En ce qui concerne la position de la Russie à l'égard de la Syrie, M. Zoe'bi a affirmé que cette position est stable et qu'elle s'appuie sur la base que la Syrie n'intervient pas dans une affaire ayant trait à la souveraineté naitonale syrienne. Il a ajouté que ni la Russie, ni n'importe quel autre pays ne font pression sur la Syrie. "La décision politique syrienne est souveraine dans toutes les questions politiques", a-t-il assuré. A une question sur le plan d'al-Ibrahimi et son plan s'il serait un document amendé de la déclaration de Genève comprenant un gouvernement transitoire, M. Zoe'bi a indiqué qu'il ne faut pas préjuger cette visite, précisant que le gouvernement syrien entend des réponses sur des points ambigus dans la Déclaration de Genève.

Le ministre de l'Information a précisé que l'armée n'est pas une partie dans l'affrontemnet et n'est pas égale au front d'al-Nosra ou aux gorupes armés, vu qu'elle appartient à la patrie et au peuple et qu'elle agit à partir de ce point en affrontant le terrorisme qui est prévu dans les règlements de la loi internationale. "Les résolutions prises à l'issue des événement du 11 septembre aux Etats-Unis sont claires en vertu desquelles les gouvernements et des personnalités dans des pays voisins doivent être traduits en justice et leurs fonds doivent être saisis conformément à la résolution /1373/ prise par le Conseil de Sécurité disant apprendre que celui qui finance, s'implique, facilite ou héberge les terroristes sera soumis aux résolutions internationales sur le terrorisme.

Le ministre de l'information a, d'autre part, insisté sur le fait que le Refus de l'intervention militaire étrangère représente le minimum du nationalisme et affirmé que le nationalisme implique le refus des diktats et de toute forme d'ingérence.

M. Zoe'bi a dit que la Syrie ne fournissait pas des armes au Parti des travailleurs kurdes (PKK) et ne permettrait à quiconque de commettre un acte agressif contre n'importe quel Etat à partir de ses frontières. "Si quiconque avait des documents et des preuves, qu'il les présente", a-t-il dit, assurant par contre que Damas avait, elle, des documents sur l'ingérence turque en Syrie.

En ce qui concerne la déclaration du vice-président Farouq al-Charaa, le ministre de l'information a souligné que l'avis d'al-Charaa est un des 23 millions Syriens.
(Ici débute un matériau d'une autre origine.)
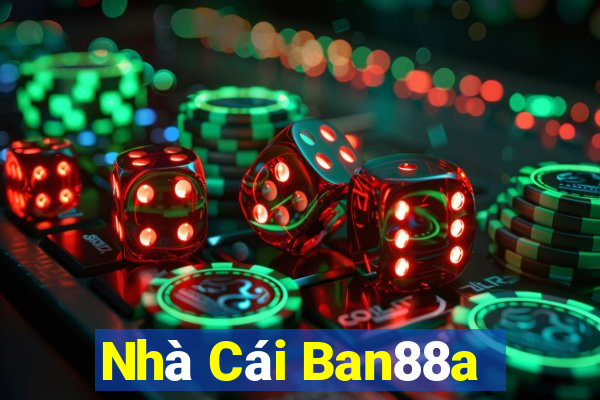 Nhà Cái Ban88a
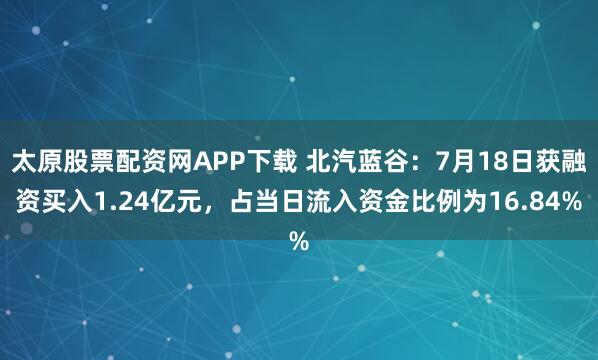 太原股票配资网APP下载 北汽蓝谷：7月18日获融资买入1.24亿元，占当日流入资金比例为16.84%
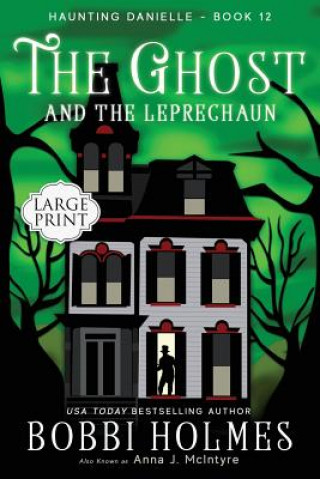 Βιβλίο Ghost and the Leprechaun Bobbi Holmes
Il a rappelé que la direction politique en Syrie avait lancé, dès le premier jour de la crise, la solution politique via le dialogue national. "L'armée se trouve partout et elle poursuivra la traque des terroristes", a assuré le ministre de l'information, soulignant que les terroristes sont incapables de rester dans un point qu'ils assaillaient plus de 15 minutes, et toutes les victoires dont certains médias leur attribuaient sont illusoires.
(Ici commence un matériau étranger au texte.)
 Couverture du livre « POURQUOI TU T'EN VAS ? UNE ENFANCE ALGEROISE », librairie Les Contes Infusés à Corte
Concernant le camp al-Yaroumk, M. Zoe'bi a souligné que l'armée arabe syrienne ne s'était pas intervenue dans le camp car la Syrie tient à ne pas impliquer les camps palestiniens dans sa crise.

Il a saisi l'occasion pour rappeler que la Palestine restera l'essence du conflit arabo-israélien et la boussole de la Syrie et que le peuple palestinien, à l'intérieur et à l'extérieure de la Syrie demeurera une partie de notre cause, de notre identité et de notre avenir.

Il a, en outre, insisté sur le refus par la Syrie de toute ingérence dans les affaires de l'Irak, pays frère, appelant les forces extérieures, notamment la Turquie et les pays du Golfe, à cesser de le faire. "L'Irak est un pays frère et cher et sa sécurité et sa stabilité nous intéressent", a-t-il indiqué, appelant toutes les forces extérieures, en particulier les pays du Golfe et la Turquie à cesser d'intervenir dans ses affaires intérieures vu que l'Irak est un pays capable de régler lui-même ses crises et ses problèmes.

Et M. Zoe'bi de conclure que l'Etat syrien, armée, gouvernement, peuple et institutions, est présent et que toute parole contraire essayant de le faire absenter est injuste et contredit la réalité, appelant toute personne qui parie sur l'arme, soit des personnalités ou gouvernements, à y renoncer et à entamer le processus politique.